I posted something to Beck’s post of yesterday [1], already, I know. But personal events, caused me to revisit the issue.

I asked, yesterday, “How do they know?” [2]

Look, even exclusive of right to die arguments, (Which I think you’ll recall, I’ve pointed up as being valid) how do the cops know they’re not dealing with outright murder? (Which, I think we’re dealing with in this case.)

And don’t tell me about her supposed husband having he final say in the matter without such a document; I think we both can come up with spousal abuse/spusal death cases which under that scenario, which wouldn’t be treated as murder. Lacy Peterson, anyone?

Billy’s complaint is, as usual, government intervention. His complaint is valid, but he’s missed the cause of the problem, I’m afraid.

Society, you see, and the government that serves it, make certain assumptions. In an ideal situation, the assumptions they make are alligned with the values of the people within that society. As such our laws, and our legal processes, our very way of thinking, assumes life is of the highest value. A look at the handsprings we must go through to enact a death penalty in response to a crime, and that such punishment is only used in cases where the criminal has taken someone else’s life, tells the whole story; Our society holds life dear. Oor legal system is designed to err, if it errs, on the side of life.
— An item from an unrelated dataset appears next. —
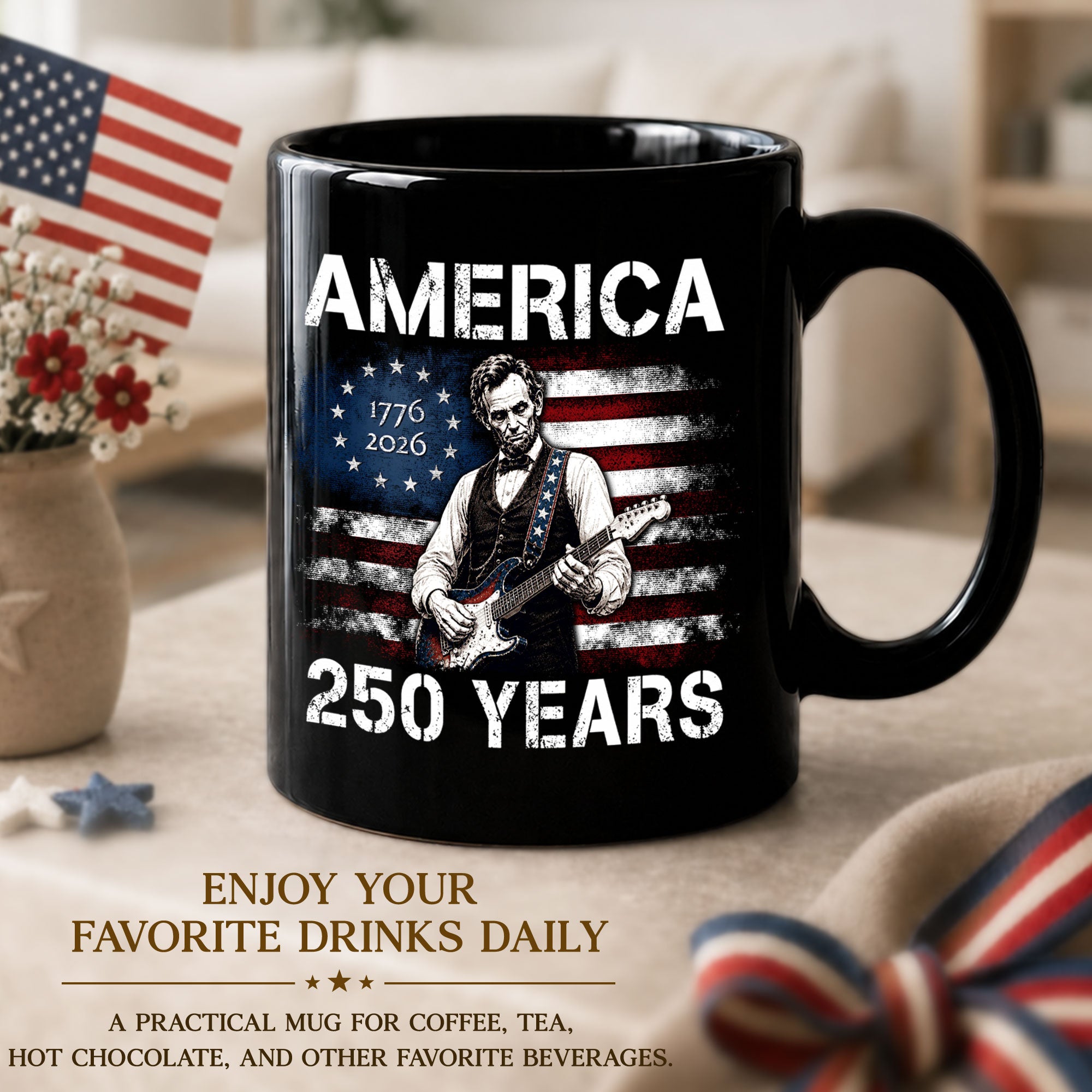 Mug: America 250 Years 1776-2026 Abraham Lincoln Guitar Patriotic Anniversary Gift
So it is that such absolutism as we see in Beck’s comments, regarding right to die cases in general, and in the Saivo case in particular, does not fit, does not serve justice.

For what it’s worth, Billy, I agree that such law as Reynolds and Hobbs suggest, are offensive. Yet, the problem becomes how to draw the line then between murder, and normal death, particularly if we’re using the Shaivo case as the standard? I don’t see much alternative to their proposal.
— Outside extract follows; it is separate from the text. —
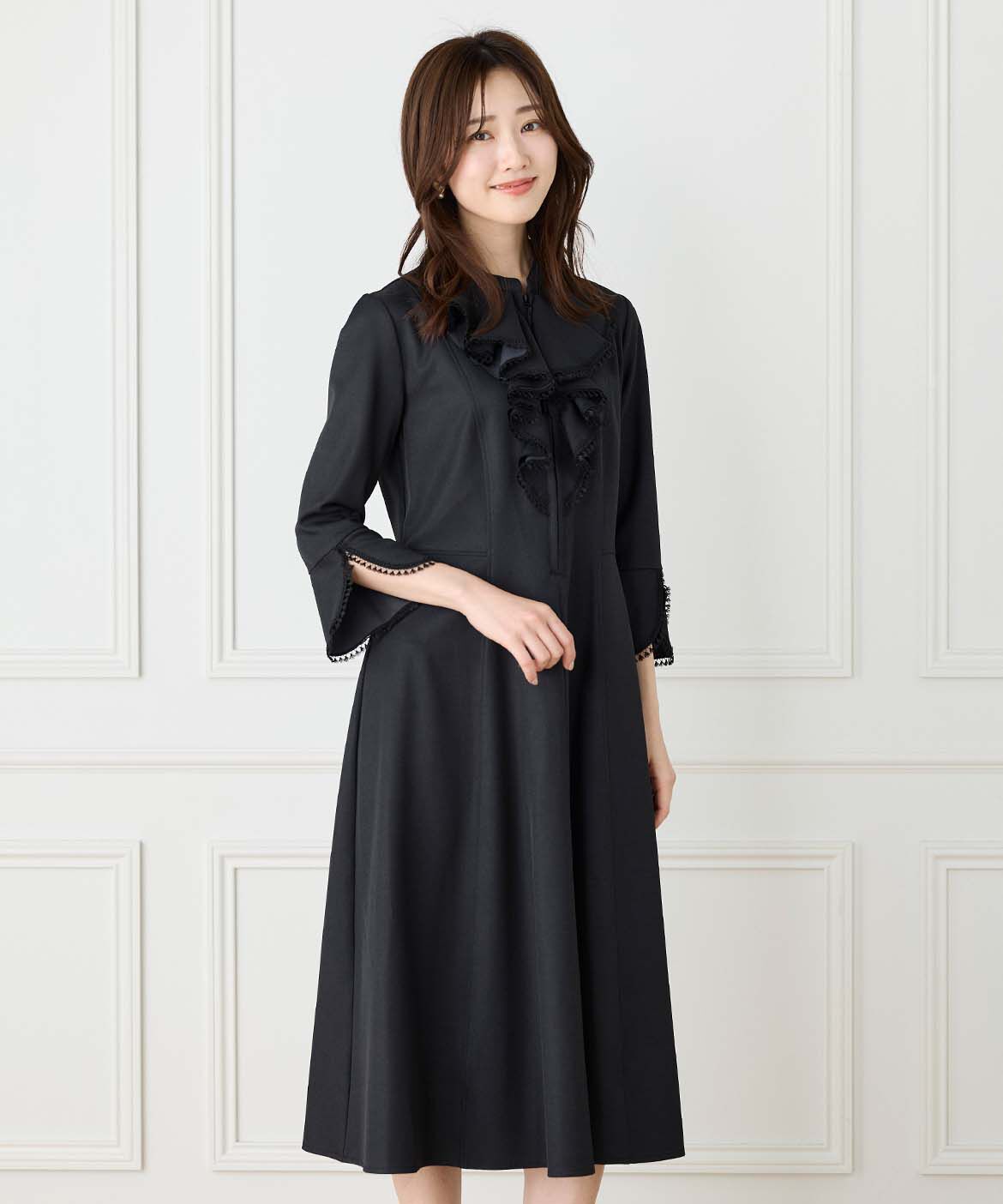 ef-de Black「ラッフル七分袖ワンピース」|ワンピース|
A couple admittedly less than spot-on examples…

If the husband, for example, had absolute say over the life of the wife; we’d then not have Scott Peterson in San Quenton, today. It would never go to trial, much less conviction.

If we make suicide and the aiding thereof, legal, how do we know it IS in fact a suicide, assuming the amount of evidence collected in he Shaivo case… IE; the one pulling the trigger saying “That’s what she wanted”.
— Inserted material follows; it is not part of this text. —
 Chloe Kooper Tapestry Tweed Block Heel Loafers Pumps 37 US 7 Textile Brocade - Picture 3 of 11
So without a (signed) statement, stating the wishes of the parties in question under given conditions, how can the government know if our death really WAS our wish, or a crime perpitrated against us? Clearly, it can’t.

Here it is; The kind of conflict we’re discussing right now, is what happens when that underlying societal assumption is challanged; in this case, the assumption of life.

Government grows because we can no longer depend on that assumption of erring on the side of life. With the assumption of life, such documentation wouldn’t be needed. Without it, we’d be dealing with legal murder.

And yes, I think it has come to that.

Addendum:______________

It’s been noted that both the Republicans and Democrats have fallen out of their traditional roles over all of this; The Democrats have discovered States Rights, whereas the Republicans have discovered in a limited way, Federalism.

The reason behind this flip-flop is exactly what I’ve said here…. that the basic assumptions on which this case would usually rest, as in, the assumption of life, have been turned upside down? Why is it such a shock then, that the uses of government by the respective groups, have also reversed?